- _TASK STATEMENT_
Pictures are to be omitted. Output only the lines from the one containing "Volkswagen Bora 2021" through the end of the data, word for word.

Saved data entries
________

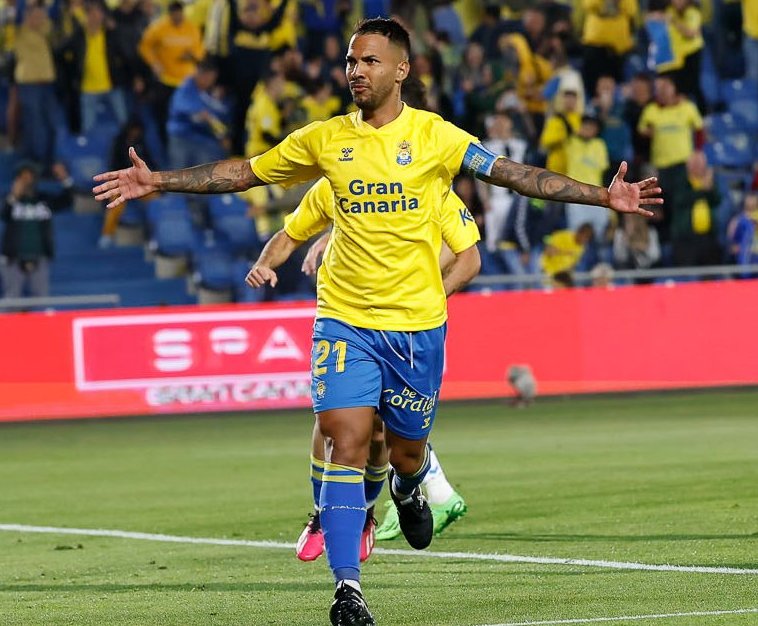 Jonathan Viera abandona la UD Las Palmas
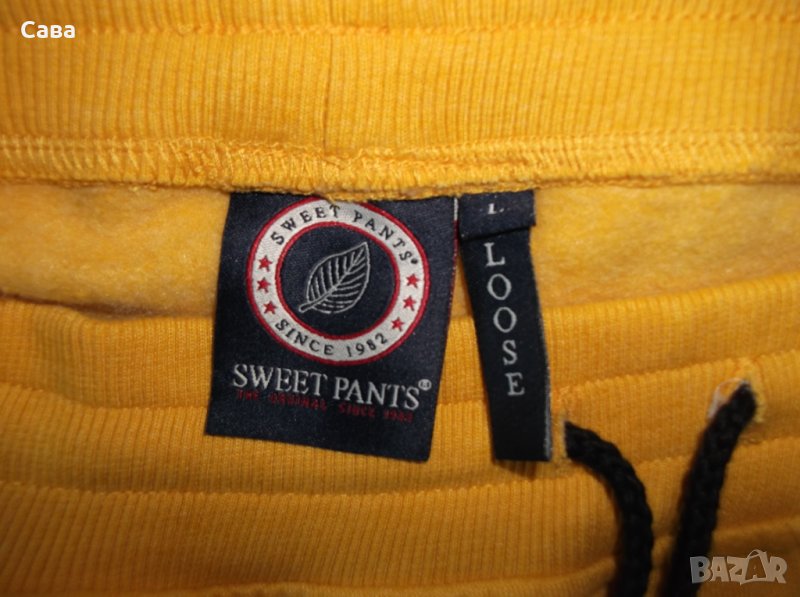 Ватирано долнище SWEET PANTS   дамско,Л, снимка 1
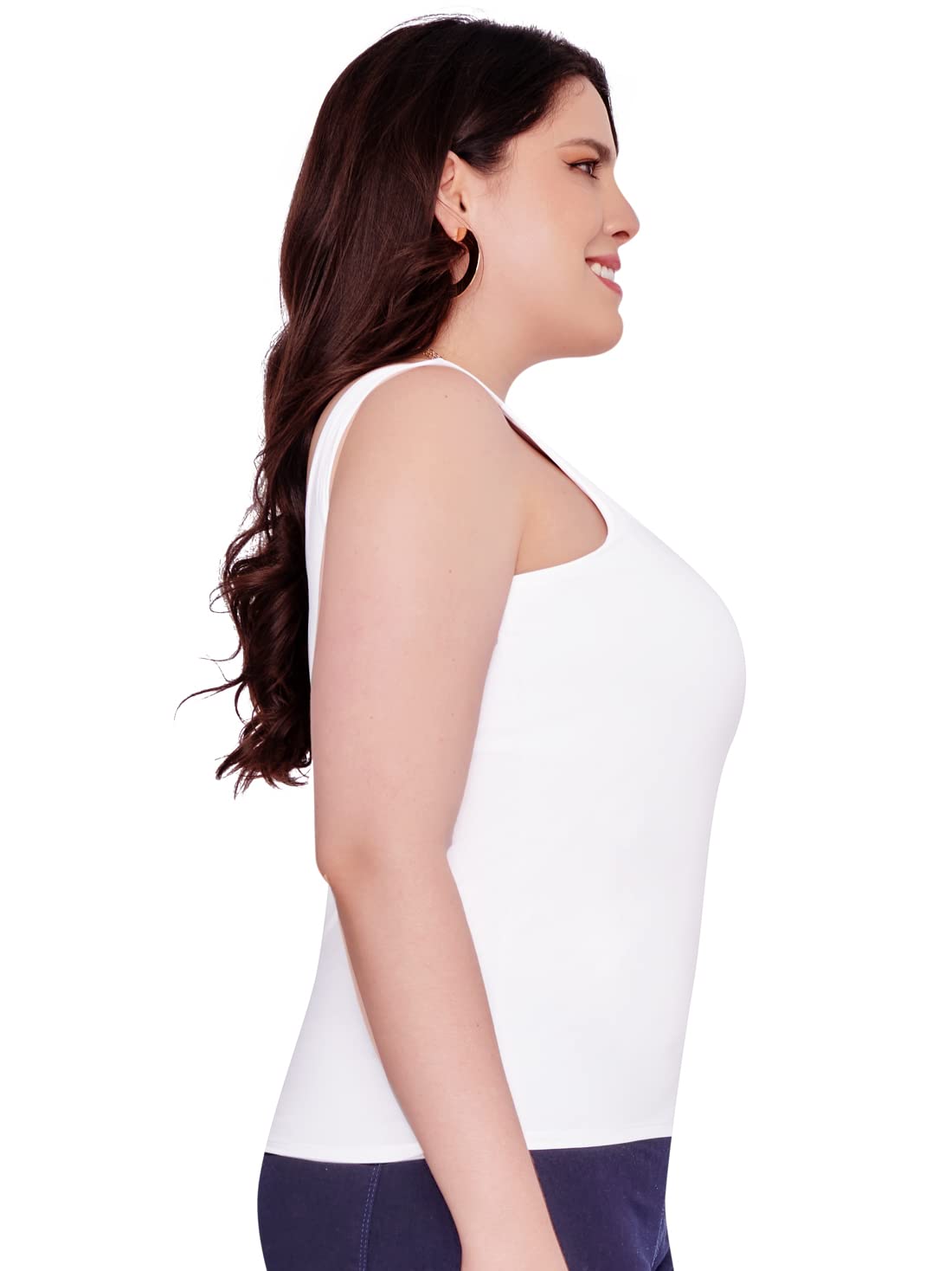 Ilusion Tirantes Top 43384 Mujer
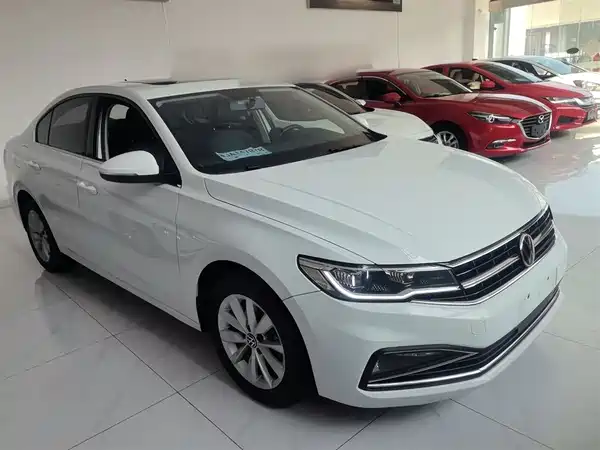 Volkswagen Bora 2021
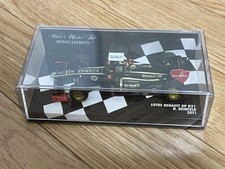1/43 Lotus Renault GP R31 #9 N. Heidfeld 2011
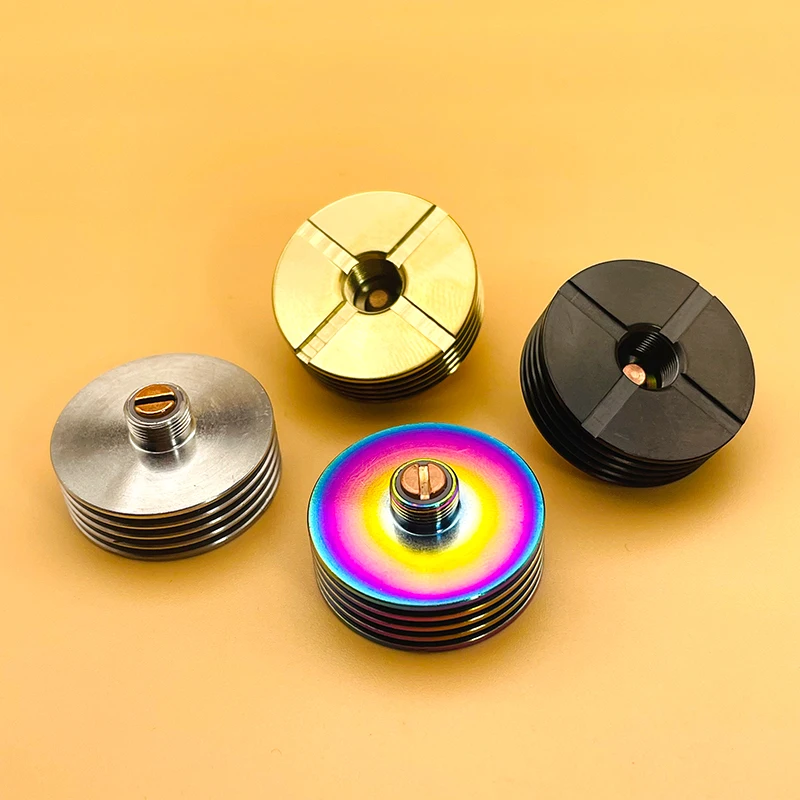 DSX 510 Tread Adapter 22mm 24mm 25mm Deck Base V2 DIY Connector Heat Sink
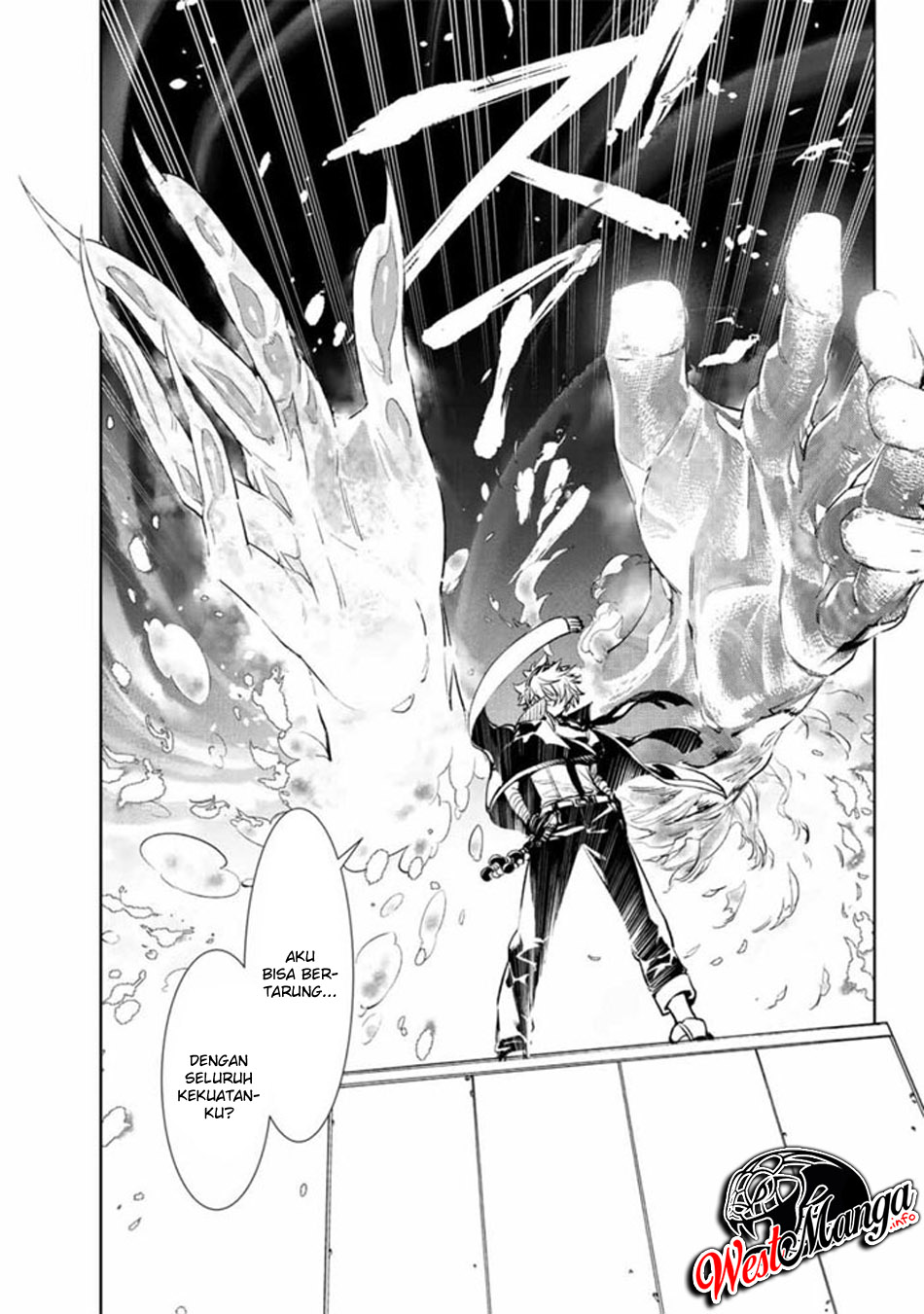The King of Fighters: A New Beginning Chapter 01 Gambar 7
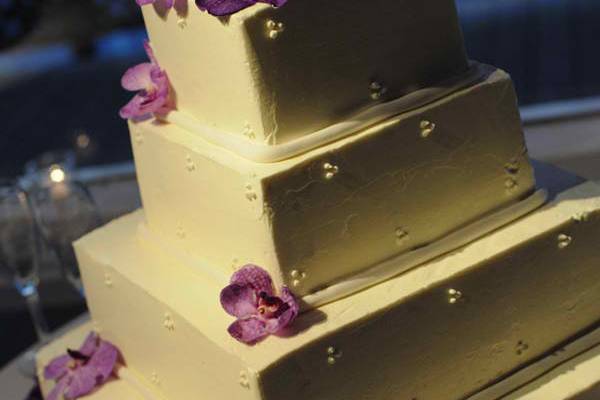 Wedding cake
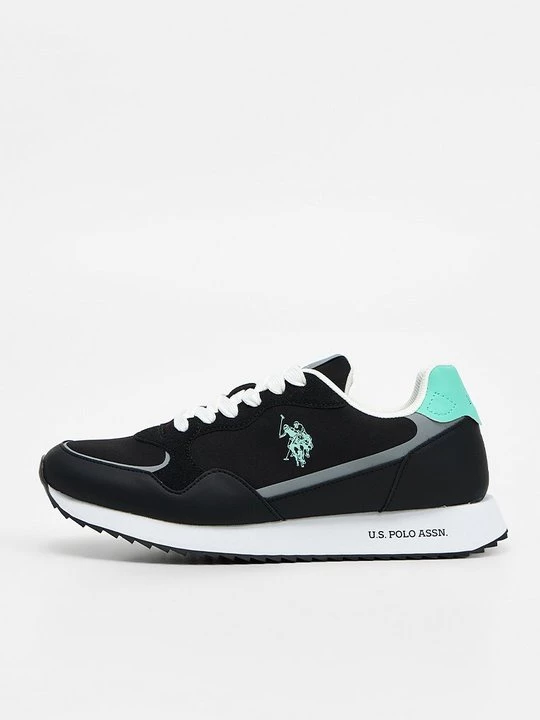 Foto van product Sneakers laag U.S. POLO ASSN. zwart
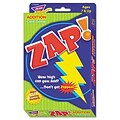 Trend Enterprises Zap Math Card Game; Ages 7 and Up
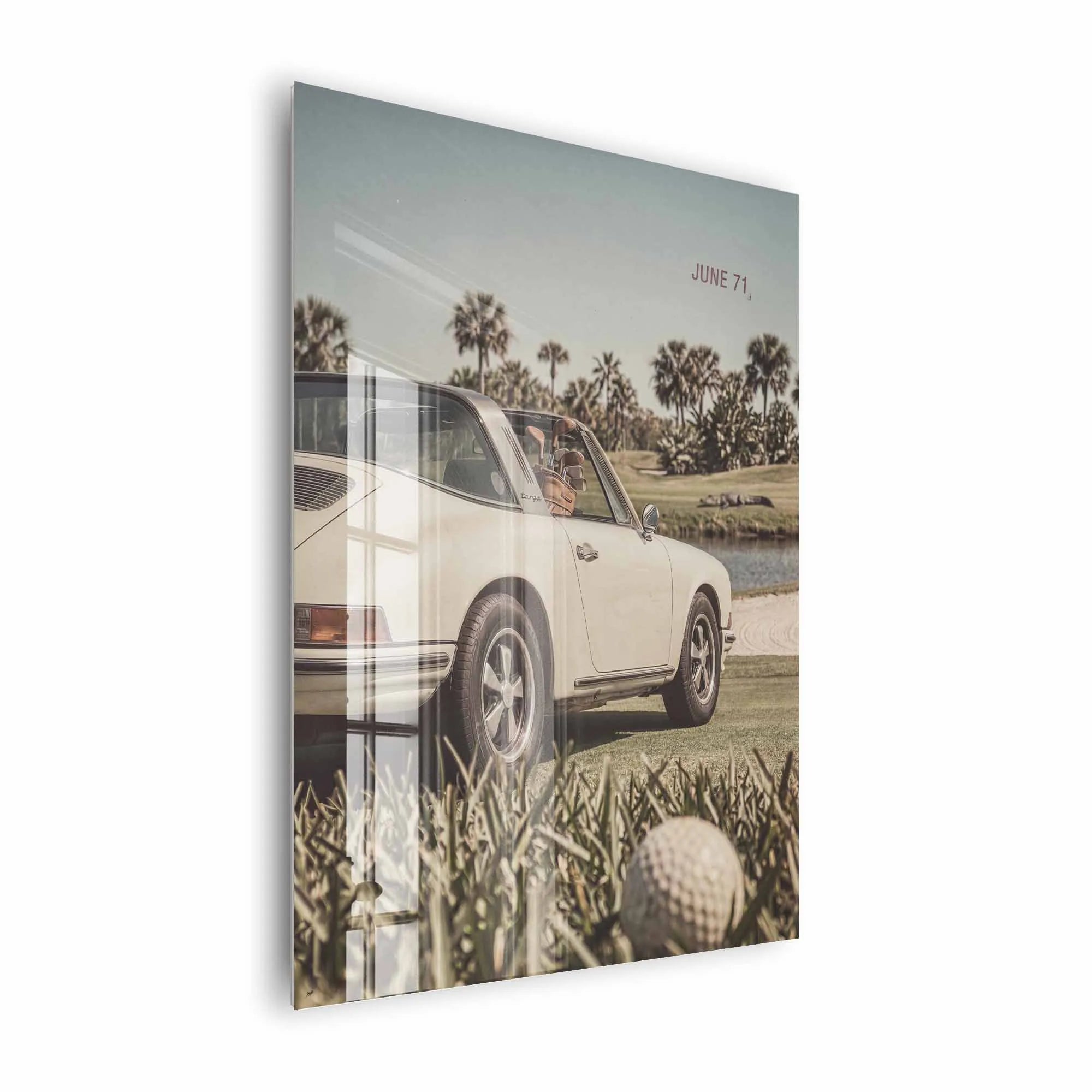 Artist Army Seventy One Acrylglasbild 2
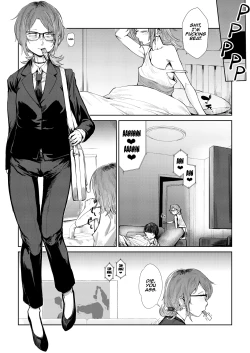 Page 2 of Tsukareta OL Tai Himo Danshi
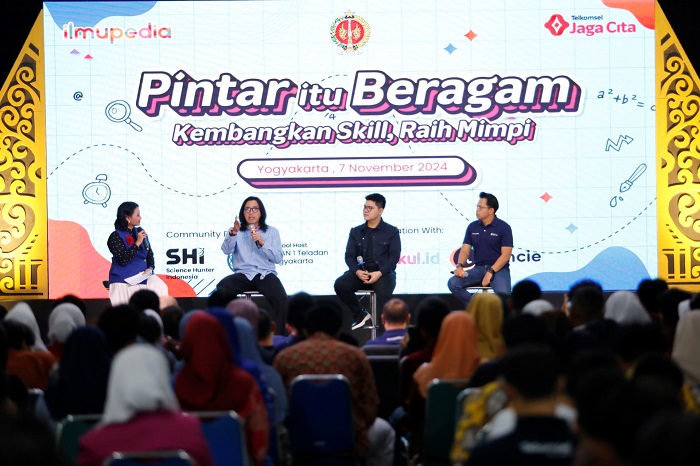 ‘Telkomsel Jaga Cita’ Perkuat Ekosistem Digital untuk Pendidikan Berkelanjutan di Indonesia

________

- _COMPLETED EXERCISE_
 Volkswagen Bora 2021
1/43 Lotus Renault GP R31 #9 N. Heidfeld 2011
 DSX 510 Tread Adapter 22mm 24mm 25mm Deck Base V2 DIY Connector Heat Sink
The King of Fighters: A New Beginning Chapter 01 Gambar 7
 Wedding cake
 Foto van product Sneakers laag U.S. POLO ASSN. zwart
 Trend Enterprises Zap Math Card Game; Ages 7 and Up
 Artist Army Seventy One Acrylglasbild 2
 Page 2 of Tsukareta OL Tai Himo Danshi
 ‘Telkomsel Jaga Cita’ Perkuat Ekosistem Digital untuk Pendidikan Berkelanjutan di Indonesia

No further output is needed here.